In the early 1930s, Kitty Foyle (Ginger Rogers) is a young Philadelphia woman enjoying the opportunities the new world of emancipation gives her. Working as a secretary for a small magazine, she and its editor Wynnewood Strafford IV (Dennis Morgan) fall in love – but he lacks the courage to propose to a woman far below his family’s social standing. Moving to New York, Kitty works in a fashionable department store and meets with Dr Mark Eisen (James Craig). The two begin a tentative relationship – until Wyn returns and proposes, which Kitty eagerly accepts.

However, since the film plays out in flashback from 1939, we already know the Wyn-Kitty marriage is doomed to divorce since Wyn is re-married (with a kid!). Indeed, we’ll learn Kitty left her marriage because she felt the social differences between her and Wyn were insurmountable, in her (secretly) divorced state becoming engaged to Dr Mark. Kitty Foyle plays out a cliffhanger question: which of these two men will Kitty choose? Of course, there is zero tension in this decision – is there any chance at all that in a Production Code film, Kitty will choose a rich married family man over a hard-working doctor who we are introduced to tending to the poor of New York gratis?

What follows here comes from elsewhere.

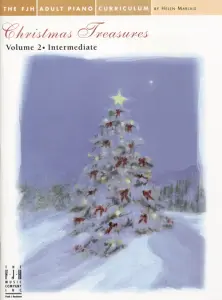 Christmas Treasures Volume 2 - Intermediate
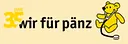 wir für pänz e.V. - Beratung; Hilfen; Prävention für Kinder und Familien logo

Nevertheless, Kitty Foyle is structed through a series of snow globe-inspired flashbacks, narrated by Kitty’s reflection (who objects to herself being tempted by Wyn’s offer – hammering home the implicit moral judgement the film soaks in, even Kitty’s reflection thinks she’s a hussy). These snow-globe framed flashbacks are one of the most interesting things about Kitty Foyle today – largely because, if you think of 40’s snow globe flashback films your mind immediately turns to Citizen Kane (both from RKO!). It’s hard not to wonder if Orson Welles and/or Herman J. Mankiewicz remembered the device when they put their script together?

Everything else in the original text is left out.